If a line contains "Portrait of a", it is the last one to write out; begin with the first line of the records and copy each exactly.

==================================================

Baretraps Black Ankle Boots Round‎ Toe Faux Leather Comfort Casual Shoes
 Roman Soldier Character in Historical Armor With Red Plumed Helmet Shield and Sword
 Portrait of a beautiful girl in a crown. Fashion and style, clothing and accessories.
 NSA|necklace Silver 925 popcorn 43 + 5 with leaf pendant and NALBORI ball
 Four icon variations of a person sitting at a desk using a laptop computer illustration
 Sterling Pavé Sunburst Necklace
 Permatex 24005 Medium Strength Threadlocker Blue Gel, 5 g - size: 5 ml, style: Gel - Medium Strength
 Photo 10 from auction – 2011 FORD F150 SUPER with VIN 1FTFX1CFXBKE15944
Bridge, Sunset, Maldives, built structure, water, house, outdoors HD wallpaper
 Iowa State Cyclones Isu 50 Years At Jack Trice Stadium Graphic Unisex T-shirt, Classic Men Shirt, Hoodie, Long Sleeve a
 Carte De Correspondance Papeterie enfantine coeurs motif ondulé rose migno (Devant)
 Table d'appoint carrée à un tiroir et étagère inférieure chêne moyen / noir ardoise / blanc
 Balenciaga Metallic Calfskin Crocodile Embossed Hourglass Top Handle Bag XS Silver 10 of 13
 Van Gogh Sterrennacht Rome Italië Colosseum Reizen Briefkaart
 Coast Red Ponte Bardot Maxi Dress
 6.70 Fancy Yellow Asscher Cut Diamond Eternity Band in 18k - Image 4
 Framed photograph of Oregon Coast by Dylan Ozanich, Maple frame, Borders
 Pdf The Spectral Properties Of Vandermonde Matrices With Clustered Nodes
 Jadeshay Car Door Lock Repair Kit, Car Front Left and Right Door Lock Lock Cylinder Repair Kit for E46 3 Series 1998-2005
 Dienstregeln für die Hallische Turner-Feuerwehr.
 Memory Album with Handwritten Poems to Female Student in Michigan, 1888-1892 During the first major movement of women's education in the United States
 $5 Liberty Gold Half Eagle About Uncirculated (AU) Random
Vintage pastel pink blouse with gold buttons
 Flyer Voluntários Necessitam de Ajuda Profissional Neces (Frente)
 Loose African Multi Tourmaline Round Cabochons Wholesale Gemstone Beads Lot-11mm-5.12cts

==================================================

Task solution:
Baretraps Black Ankle Boots Round‎ Toe Faux Leather Comfort Casual Shoes
 Roman Soldier Character in Historical Armor With Red Plumed Helmet Shield and Sword
 Portrait of a beautiful girl in a crown. Fashion and style, clothing and accessories.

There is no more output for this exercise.